RDV
- Country: Senegal

Programming
- Languages: French Wolof

Ownership
- Owner: Excaf Telecom
- Sister channels: RDV Music Sports

History
- Launched: October 1, 2006; 19 years ago
- Former names: Radio Dunyaa Vision Radio Dunya Vision Radio Dunya Visions Radio Dunyaa Visions

= Radio Dunyaa Vision (RDV) =

Radio Dunyaa Vision (RDV) is a private television and media network based in Dakar, Senegal, operating as part of the Excaf Télécom group.

==History==
In October 1, 2006, Excaf Telecom launched its own private television channel, RDV, by the Diagne Family

RDV was created by the pioneering Senegalese media mogul Ibrahima Ben Bass Diagne (who passed away in 2013). He utilized his established communications network under the Excaf Télécommunications group to diversify into television, building on the success of his radio operations (which included Radio Dunyaa, broadcasting on 88.9 FM in Dakar). Historically, television broadcasting in Senegal was heavily dominated by the state-controlled public broadcaster, RTS (Radio Télévision Sénégalaise). The introduction of Radio Dunya Vision served as a landmark event that broke the public television monopoly. It paved the way for private sector competition in West African media.

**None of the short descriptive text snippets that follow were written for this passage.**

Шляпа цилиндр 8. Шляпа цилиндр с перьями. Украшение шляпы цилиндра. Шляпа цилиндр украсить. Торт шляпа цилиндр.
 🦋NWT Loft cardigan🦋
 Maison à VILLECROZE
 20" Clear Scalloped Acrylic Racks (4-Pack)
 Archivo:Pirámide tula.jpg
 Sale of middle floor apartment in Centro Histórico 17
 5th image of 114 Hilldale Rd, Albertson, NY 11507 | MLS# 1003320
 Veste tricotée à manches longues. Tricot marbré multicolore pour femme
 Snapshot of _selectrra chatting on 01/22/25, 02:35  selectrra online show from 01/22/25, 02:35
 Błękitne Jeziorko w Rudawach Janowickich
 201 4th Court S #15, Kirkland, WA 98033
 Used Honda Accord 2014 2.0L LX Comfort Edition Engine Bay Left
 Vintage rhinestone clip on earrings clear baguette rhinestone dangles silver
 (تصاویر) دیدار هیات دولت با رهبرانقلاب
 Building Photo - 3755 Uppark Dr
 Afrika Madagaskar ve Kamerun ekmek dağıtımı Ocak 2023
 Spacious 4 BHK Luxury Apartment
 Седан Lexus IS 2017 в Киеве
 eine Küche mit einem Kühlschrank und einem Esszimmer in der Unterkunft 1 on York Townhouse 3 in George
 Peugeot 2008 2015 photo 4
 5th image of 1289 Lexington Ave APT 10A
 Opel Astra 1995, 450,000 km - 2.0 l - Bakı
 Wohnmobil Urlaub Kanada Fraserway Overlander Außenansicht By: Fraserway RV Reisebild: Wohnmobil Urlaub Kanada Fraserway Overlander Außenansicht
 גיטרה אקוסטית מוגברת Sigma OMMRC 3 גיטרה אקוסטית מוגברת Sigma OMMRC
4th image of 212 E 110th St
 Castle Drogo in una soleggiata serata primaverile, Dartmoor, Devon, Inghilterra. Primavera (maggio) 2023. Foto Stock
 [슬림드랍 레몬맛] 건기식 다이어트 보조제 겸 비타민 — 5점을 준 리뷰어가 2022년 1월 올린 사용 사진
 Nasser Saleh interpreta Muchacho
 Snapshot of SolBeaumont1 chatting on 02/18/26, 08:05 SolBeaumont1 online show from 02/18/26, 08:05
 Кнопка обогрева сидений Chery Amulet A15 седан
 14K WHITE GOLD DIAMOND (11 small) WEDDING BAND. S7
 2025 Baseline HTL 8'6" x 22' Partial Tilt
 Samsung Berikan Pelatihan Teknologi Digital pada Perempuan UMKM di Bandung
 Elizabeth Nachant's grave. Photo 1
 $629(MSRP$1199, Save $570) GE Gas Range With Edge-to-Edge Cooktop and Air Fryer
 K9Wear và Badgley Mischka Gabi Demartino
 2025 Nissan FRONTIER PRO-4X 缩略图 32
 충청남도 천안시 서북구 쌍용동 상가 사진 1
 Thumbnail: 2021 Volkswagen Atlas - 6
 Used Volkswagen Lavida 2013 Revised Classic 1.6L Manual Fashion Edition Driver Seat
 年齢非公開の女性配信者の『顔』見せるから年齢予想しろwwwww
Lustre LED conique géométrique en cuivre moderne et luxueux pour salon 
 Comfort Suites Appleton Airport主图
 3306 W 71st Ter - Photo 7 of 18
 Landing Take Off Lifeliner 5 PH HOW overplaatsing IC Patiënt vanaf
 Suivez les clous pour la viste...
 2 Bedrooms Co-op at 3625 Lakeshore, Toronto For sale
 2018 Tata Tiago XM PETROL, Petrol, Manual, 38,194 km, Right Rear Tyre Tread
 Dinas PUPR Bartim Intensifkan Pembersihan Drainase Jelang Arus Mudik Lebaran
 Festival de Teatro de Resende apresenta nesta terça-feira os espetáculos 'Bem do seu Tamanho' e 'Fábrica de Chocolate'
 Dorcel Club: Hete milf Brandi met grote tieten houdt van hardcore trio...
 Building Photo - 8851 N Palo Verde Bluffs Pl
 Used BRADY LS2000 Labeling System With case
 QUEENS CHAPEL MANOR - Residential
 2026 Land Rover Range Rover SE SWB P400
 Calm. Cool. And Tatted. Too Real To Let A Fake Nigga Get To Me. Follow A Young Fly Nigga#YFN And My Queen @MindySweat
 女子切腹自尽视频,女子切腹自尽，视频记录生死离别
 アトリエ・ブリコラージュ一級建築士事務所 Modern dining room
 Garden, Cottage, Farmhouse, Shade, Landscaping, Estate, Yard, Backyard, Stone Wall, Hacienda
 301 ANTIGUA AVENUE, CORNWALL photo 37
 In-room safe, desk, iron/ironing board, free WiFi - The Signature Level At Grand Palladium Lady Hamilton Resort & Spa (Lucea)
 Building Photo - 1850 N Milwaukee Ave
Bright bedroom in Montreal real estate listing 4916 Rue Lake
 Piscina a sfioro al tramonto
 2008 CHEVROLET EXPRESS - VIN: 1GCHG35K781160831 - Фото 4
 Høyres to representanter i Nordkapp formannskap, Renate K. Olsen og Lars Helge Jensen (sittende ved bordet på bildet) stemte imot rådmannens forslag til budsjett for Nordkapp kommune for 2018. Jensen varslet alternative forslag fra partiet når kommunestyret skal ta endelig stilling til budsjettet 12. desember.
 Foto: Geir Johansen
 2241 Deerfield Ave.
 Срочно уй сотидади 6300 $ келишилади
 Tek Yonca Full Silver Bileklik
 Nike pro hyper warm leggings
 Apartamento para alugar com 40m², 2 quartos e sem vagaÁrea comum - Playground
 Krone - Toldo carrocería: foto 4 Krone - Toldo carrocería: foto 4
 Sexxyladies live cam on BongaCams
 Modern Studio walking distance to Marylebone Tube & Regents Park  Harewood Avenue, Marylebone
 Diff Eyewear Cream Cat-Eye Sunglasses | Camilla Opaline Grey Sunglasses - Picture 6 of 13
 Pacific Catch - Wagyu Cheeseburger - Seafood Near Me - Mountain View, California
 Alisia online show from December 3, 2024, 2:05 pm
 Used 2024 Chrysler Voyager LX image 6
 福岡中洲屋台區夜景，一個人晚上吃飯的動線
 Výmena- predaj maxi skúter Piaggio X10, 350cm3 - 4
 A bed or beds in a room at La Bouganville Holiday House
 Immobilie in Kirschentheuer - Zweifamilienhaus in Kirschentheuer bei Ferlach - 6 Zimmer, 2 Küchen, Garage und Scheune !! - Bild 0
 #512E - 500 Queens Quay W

By introducing a private, commercial television alternative alongside its radio programming, Excaf and RDV introduced a modern multi-channel approach. It is also widely credited with introducing competitive pressures that lowered local subscription costs for international encrypted networks like Canal+. RDV is recognized for general interest broadcasting, culture, and music, including its specialized offshoot channels like RDV Music.

Although RDV isn't seemed to be watched by most senegalese people, RDV offers a lively program every day, 24 hours a day.